Tuesday, January 13, 2009
1. I think that Elaine Sciolino's article can fall under Law, Education & Citizenship and Employment & Work. It works in both of these categories because of the emphasis on women's roles in politics both in the past and currently in France. Another category that would work would be Feminism. It is argued in the article that Royal emphasizes both feminine and feminist traits to win over the voting public.
2. Bonnie Erbe's article goes well in the Gender category because it discusses how the roles of men and women are changing in regards to working in the business world and at home. This article also fits under Categories of Difference because it seems that the sample of people discussed were only couples living in urban areas.
3. The Family: A Proclamation to the World goes well in the category of Gender. Throughout the document men and women are referred to in equal terms. though some roles are specifically mentioned for each sex there are no specific limitations put on being able to also participate in other roles as part of a couple or as a parent. Obviously this also goes under Marriage & Family because it discusses both in combination between husband and wife and also in regards to separate responsibilities of each.
4. Categories of Difference is a good fit for Robert Ebert's article because it discusses the way class and age differences between Queen Elizabeth and Sir Walter Raleigh were ignored or smoothed over in the movie. It also works in Feminism in that the movie seems to take a woman who was in charge of the country and downplays that role to the point that the focus on her is the romantic aspect of her life which in reality did not even exist.

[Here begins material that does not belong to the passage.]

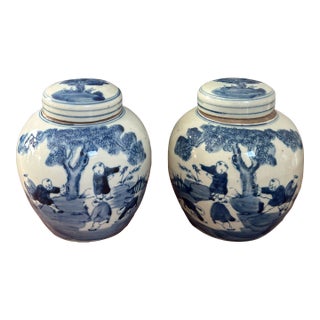Pair of Small Blue & White Ginger Jars With Classic Chinese Motif For Sale
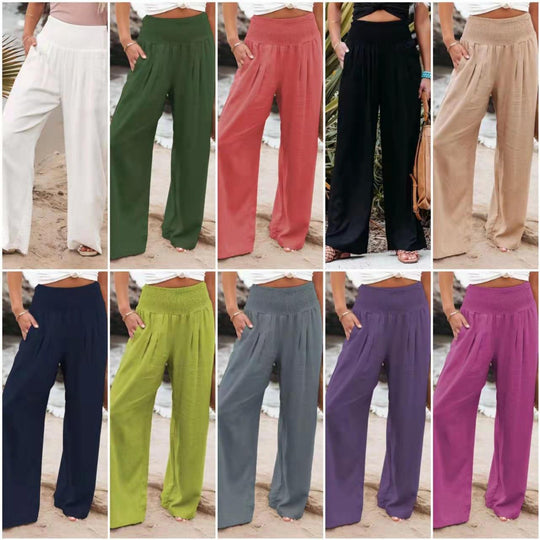 Damen weite Leinenhose mit elastischem Taillenbund und seitlichen Falten EB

5. Robin Abcarian's article on the public's reaction to Sarah Palin as a Vice Presidential Candidate could be put into the category of Feminism because the article mentions how Palin is representing a new type of feminist. A conservative feminist. Also, the article goes well with Marriage & Family because it discusses how Palin's family represents a sort of opposite of the traditional American household. Palin is a mother of 5 who has a very demanding career but whose husband is extremely supportive of it. That idea is different and still somewhat new to many people in the world today.
Saturday, January 10, 2009
As for the second piece of reading it also falls under the theme of gender. In Joan Kelly's work she uses gender or the differing ideals of men and women, as well as the differences in their power during the Medieval period and that of the Renaissance period, to show that unlike most men the Renaissance for women actually meant a decrease in power and another shift in gender relations. To some the piece could more directly be placed under the theme of marriage and family because of Kelly's emphasis. But that is only part of the whole picture, because Kelly uses marriage, family, the courtly love of the medieval period, and ladies of the court in the Renaissance to show the shift in even the minor power that was granted women in the medieval period to that of their husbands.